Es como si hubiese una competencia interna entre ellos para ver quién es el más facho, el más carca, el más ultra. Como si hubiesen apostado un chifa por ver quién es capaz de presentar el proyecto más idiota. O algo así. Me refiero al fujimorismo, obviamente, y a su proyecto fascista y esperpéntico que aspira a no financiar películas peruanas en plan La boca del lobo, o La teta asustada, o Magallanes, o La última tarde, o La hora final, o NN, o La casa rosada, o Caiga quien caiga.
Acabo de leer el bodrio de catorce páginas firmadas por más de una decena de fujimoristas, en las que el artículo 9 sobre los “concursos para el desarrollo de la cinematografía y el audiovisual” indica que “los proyectos seleccionados (para ser financiados en parte por el Estado) no podrán incurrir en apología del terrorismo”, sin especificar a qué se refiere, claro. Acto seguido, “precisa” (es un decir) que estos no deben enaltecer “ninguna forma de abuso, violencia física y/o psicológica u opresión al ser humano”. Esto último léase como torturas infringidas por militares contra civiles inocentes en los tiempos de la guerra interna. Y fíjense. Incluso me atrevería a aventurar que también estarían proscritos los maltratos infligidos por curas católicos. Porque, como verán, todo puede entrar en ese combo surrealista y prepotente.
Algunas opiniones de especialistas no se han hecho esperar. La Unión de Cineastas Peruanos, por ejemplo, ha advertido que la iniciativa de marras “es un peligro contra la libertad artística en el cine peruano, en el contexto de paranoia ultraconservadora que busca invadir la política peruana y uniformizar la memoria de nuestra historia nacional”. Y repudia “este ensayo de censura”.
Para la promotora cinematográfica Mónica Delgado, la ley fujimorista es un “mamarracho”. En opinión de Rosario García-Montero, directora de Las malas intenciones, “es un intento de censura evidente (…) para ellos (los legisladores naranjas) cualquier cosa es apología del terrorismo”. Desde la óptica del aguzado crítico de cine Ricardo Bedoya, la propuesta es una “clara censura a proyectos cinematográficos”. Y se explaya. En Ideeleradio advirtió que hay una campaña negacionista para olvidar ciertos asuntos que han ocurrido en el país y que afectan la construcción de la memoria. Algo similar ha anotado Rosa María Palacios en la web de este diario. Y el connotado y talentoso cineasta Javier Corcuera, bloguero de La Mula, reaccionó a la idea de la siguiente manera: “Resulta que ahora quieren ‘terruquear’ el cine, no podrán”.

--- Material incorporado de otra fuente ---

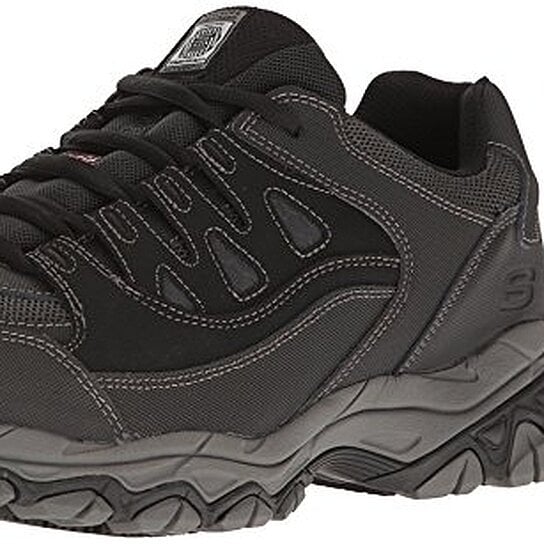 skechers for work men's holdredge steel toe work shoe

Así las cosas, estamos ante una nueva arremetida del totalitarismo más burdo, disfrazado de partido político, cuya receta para todo es suprimir la libertad y reemplazarla por la mordaza. En este caso, de aprobarse el engendro legal, la tacha se haría efectiva a través de un Estado intervencionista al que le corresponderá, de acuerdo a los policías burocráticos de turno, y en nombre de la cultura cinéfila, qué proyecto cuenta la “verdadera” historia y cuál no. Obviamente, en la historia de ellos, de los keikistas, jamás hubo violaciones a los derechos humanos. Y el Grupo Colina fue una banda de rock. Figúrense.
Y no me digan que exagero, porque créanme que me encantaría que fuese así. Pero no. El proyecto fujimorista es, por donde lo miren, y como todas las iniciativas que presenta esta organización, pura basura autoritaria. A través del cual no se busca premiar y financiar el talento, sino la sumisión. Una vez más, la bancada keikista trata de instituir la censura. Y eso, ya saben, no trae nada bueno.
“La entronización de la censura significa que una sociedad entera abdica a favor de una institución burocrática el derecho de decidir lo que es bueno o malo para su salud”, escribió hace una buena cantidad de años el Nobel Mario Vargas Llosa. Y es así. Cualquier forma de censura debería ser desterrada de la cultura. Las restricciones y prohibiciones no defienden el cine: lo atrofian, lo distorsionan, lo matan.
Ahora bien, como anotó Corcuera en su post mulero, “no hay mejor promoción de una película que un comité de censores”. Porque a ver. Todo veto confiere atractivo, llama la atención, prende la curiosidad. El objeto clandestino o condenado suele tener cierto halo de dignidad. Pregúntenle a Eva, la mujer de Adán, qué tan sabrosa se puso la manzana apenas dios le dijo que no se la comiera.
O pregúntenle al cardenal Juan Luis Cipriani cuando exhortó al público en una homilía a que no viera El Código Da Vinci. ¡La gente corrió a los cines para verla! Las persecuciones inquisitoriales suscitan generalmente el efecto contrario. En fin. Solo queda combatirlos.